0x000000010004c794 in AP_Declination::get_mag_field_ef(float, float, float&, float&, float&) ()
(gdb)

Recall all this started to happen after upgrading Mojave to Monterey (directly): difficult to relate with magnetic fields.

There are a few divisions there involving SAMPLING_RES. How could I insert there code (similar to printf) so that it appears when running build/sitl/bin/arducopter?

If you can get the full output from that stack trace. It should give a line number for the error and the local values for the function.

That gets us one step closer.

BTW is this on master ? What is the output of git status?

printf’s are admitted and produce output.
So on date 20220103 on master (870 modules compiled, one more) I modified AP_Declination.cpp as follows:

uint32_t tracegg = 0;
bool AP_Declination::get_mag_field_ef(float latitude_deg, float longitude_deg, float &intensity_gauss, float &declination_deg, float &inclination_deg)
{
bool valid_input_data = true;
printf(“%d %f %f %f %f %f %d\n”, (int)SAMPLING_RES, latitude_deg, longitude_deg, intensity_gauss, declination_deg, inclination_deg, tracegg++);
/ round down to nearest sampling resolution /
int32_t min_lat = static_cast<int32_t>(static_cast<int32_t>(floorf(latitude_deg / SAMPLING_RES)) * SAMPLING_RES);

No FPE (in fact, with any printf inserted no FPE appears), and even a mission can be started:


But I don’t know if intensity_gaus 0.00000 may have some effect on the FPE (apparently, no division).
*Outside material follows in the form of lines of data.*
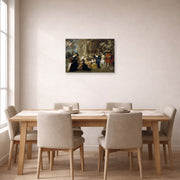 Unframed poster print of Peter Paul Rubens' 'Love Garden' displayed on a wall in a dining room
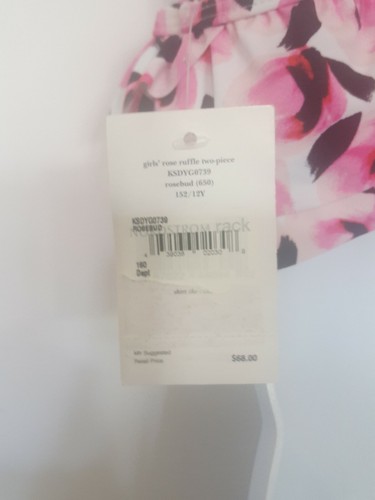 Kate Spade New Your Girls Rose Ruffle Rosebud Bikini Top 12Youth - Picture 4 of 5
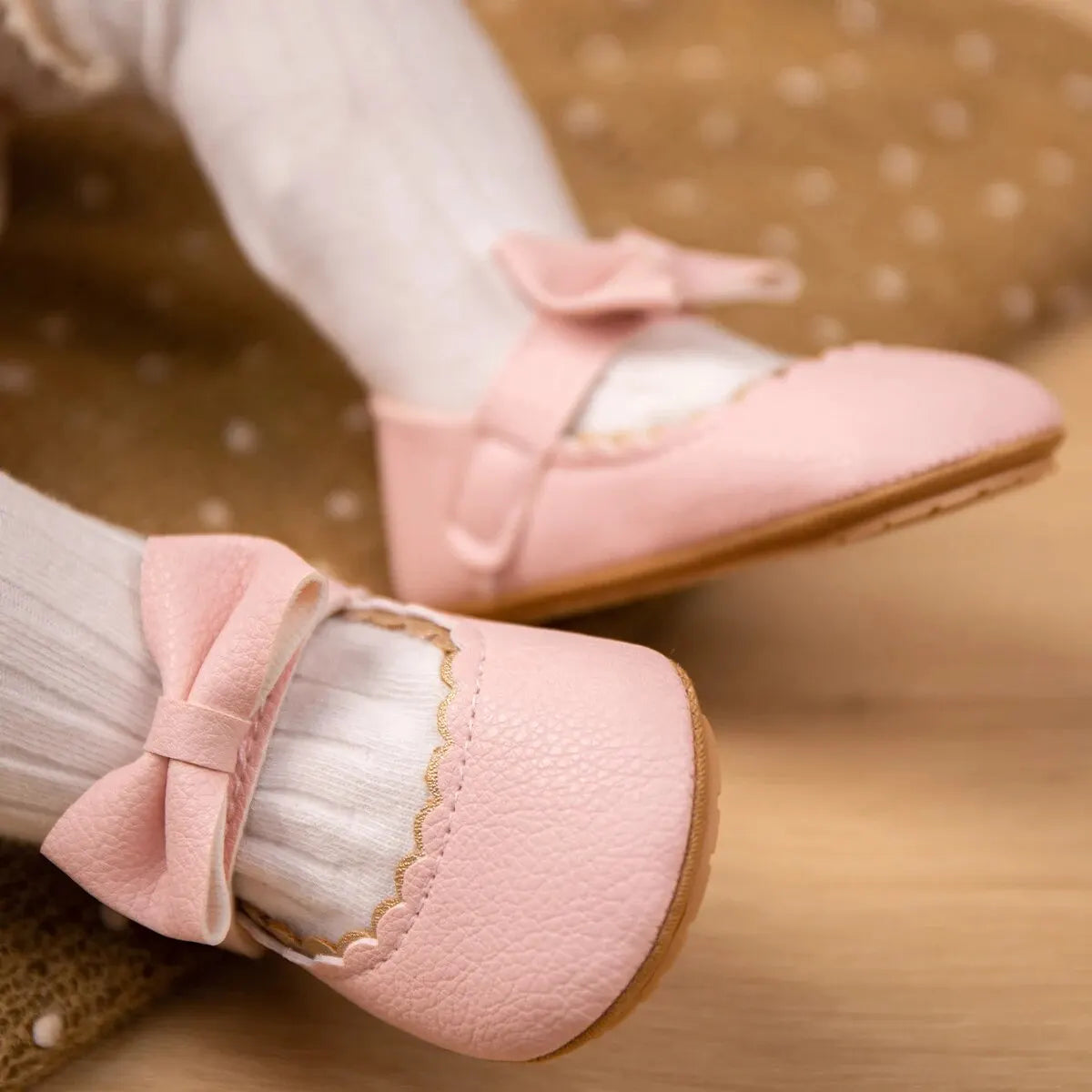 Meckior 2024 New Baby Girls Shoes Bowknot Party Dress First Walker Anti-slip Non-slip Rubber Sole Infants Girl Crib Shoes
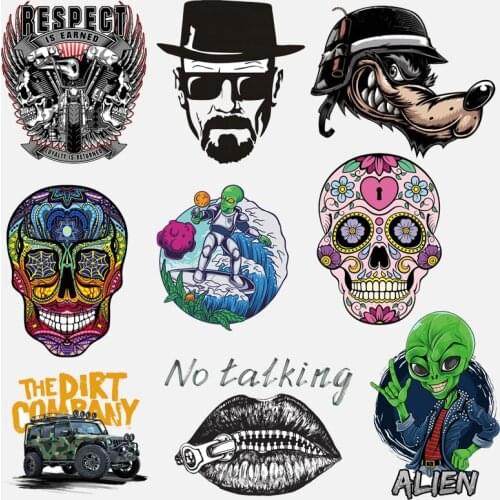 Iron On Punk/Skull Heat Transfer For Clothing Alien Transfers For Clothes Appliques Thermal Stickers For Diy T-shirt Washable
Hey @Webillo I saw similar error when I started contributing to ardupilot. When I went on to find the cause of it, it ended up to be a compiler issue. The gcc/g++ on mac is actually clang in disguise. I installed gcc/g++ using homebrew and fixed some aliases in usr/local/bin to get it working properly. I haven’t seen it since then.

Thanks a lot; this makes sense. Meanwhile, I have been compiling with -D, and simulations have worked (FPE without -D).
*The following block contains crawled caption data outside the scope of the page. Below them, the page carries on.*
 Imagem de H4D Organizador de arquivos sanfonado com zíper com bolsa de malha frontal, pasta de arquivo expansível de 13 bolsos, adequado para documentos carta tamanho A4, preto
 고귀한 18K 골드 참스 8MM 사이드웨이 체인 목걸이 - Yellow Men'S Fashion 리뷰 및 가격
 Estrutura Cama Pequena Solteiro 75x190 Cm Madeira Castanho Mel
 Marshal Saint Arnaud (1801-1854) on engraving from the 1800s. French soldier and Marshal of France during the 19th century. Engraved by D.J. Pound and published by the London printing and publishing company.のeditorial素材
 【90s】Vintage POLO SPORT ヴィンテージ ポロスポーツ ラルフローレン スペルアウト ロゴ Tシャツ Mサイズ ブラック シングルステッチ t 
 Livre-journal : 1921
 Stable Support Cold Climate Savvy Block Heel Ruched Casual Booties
With Xcode many years being used, this is very surprising. Do Apple people test and debug?

I had gcc/g++ from Homebrew installed, but trying to use them I get compiling errors; I’ll try later.

Now about what appears above on the build process:

Checking for ‘g++’ (C++ compiler) : not found
Checking for ‘clang++’ (C++ compiler) : /usr/bin/clang++
Checking for ‘gcc’ (C compiler) : not found
Checking for ‘clang’ (C compiler) : /usr/bin/clang

it seems clear that it compiles with Apple clang, that for some reason without -D produces the FPE.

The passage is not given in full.